La pluralidad política tutela la formación de una opinión pública libre e independiente, lo que es un elemento imprescindible para cualquier Estado moderno que lleve la democracia por estandarte. Hablar de libertad de expresión es hablar de pluralidad política, de tener derecho a ejercitar un pensamiento autónomo e íntegro. Y para que la pluralidad política exista deben coexistir multitud de asociaciones que articulen el debate público, que creen una sociedad informada que opte por elegir de forma soberana sus pensamientos e ideas de entre un sinfín de alternativas diversas.

En la diversidad radica el punto principal de este amasijo de ideas. Una diversidad que ofrezca múltiples sendas para elegir, una diversidad que haga del razonamiento y la lógica su principal arma, que sea objetiva y dé opciones. En el mismo momento en que uno de los elementos falla, toda esta gran pirámide de naipes se viene abajo con la consecuente derrota de la sociedad, en tanto a ente que desea ejercitar su derecho al libre pensamiento.

Está intrínsecamente ligado a la existencia misma de un partido político el hecho de que éste aporte una visión alternativa y ejerza una crítica constructiva sobre las acciones y omisiones del resto de asociaciones que conforman el espectro político. En esto radica su verdadera importancia. La Constitución lo dice así: “Los partidos políticos expresan el pluralismo político, concurren a la formación y manifestación de la voluntad popular y son instrumento fundamental para la participación política”.

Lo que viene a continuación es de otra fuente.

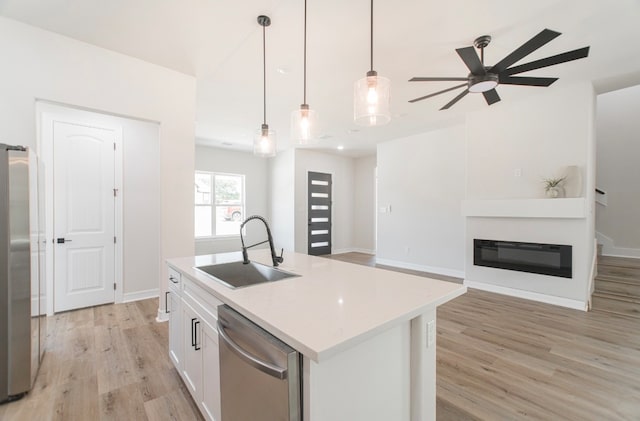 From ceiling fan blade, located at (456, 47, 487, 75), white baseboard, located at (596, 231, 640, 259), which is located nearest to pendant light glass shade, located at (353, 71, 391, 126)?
ceiling fan blade, located at (456, 47, 487, 75)

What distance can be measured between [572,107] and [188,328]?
15.8ft

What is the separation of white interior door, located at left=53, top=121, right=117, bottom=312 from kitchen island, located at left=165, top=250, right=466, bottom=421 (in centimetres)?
258

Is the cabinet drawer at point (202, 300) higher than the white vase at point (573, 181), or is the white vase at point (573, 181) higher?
the white vase at point (573, 181)

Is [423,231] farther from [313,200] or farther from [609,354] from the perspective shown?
[609,354]

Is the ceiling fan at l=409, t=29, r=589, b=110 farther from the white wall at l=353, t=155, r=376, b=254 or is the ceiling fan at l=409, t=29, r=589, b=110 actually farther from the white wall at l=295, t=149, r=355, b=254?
the white wall at l=353, t=155, r=376, b=254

Siendo dogmáticos, de una agrupación política deberíamos poder esperar seriedad, presumir honestidad y estimar sinceridad. Y sin embargo es triste que las luchas de poder intestinas y las ansias de crispación puedan conducirnos a una situación tan precaria e injusta como la que estamos viviendo. Acusar con ligereza al Estado de realizar escuchas, máxime desde la posición que les ofrece ser miembros del principal partido de la oposición, es depravado y perverso; hacerlo además sin ningún indicio –que no prueba—sólo añade un agravante que se reviste de cinismo y maldad; repetirlo, por ende, allá donde tienen oportunidad, es manipular torticeramente la democracia y engañar a la opinión pública.

¿No habrá mecanismo alguno que le impida al Partido Popular practicar una continua deslealtad para con la Constitución y los españoles? ¿Cómo controlar las calumnias más depravadas cuando pueden escudarse en el ejercicio parlamentario?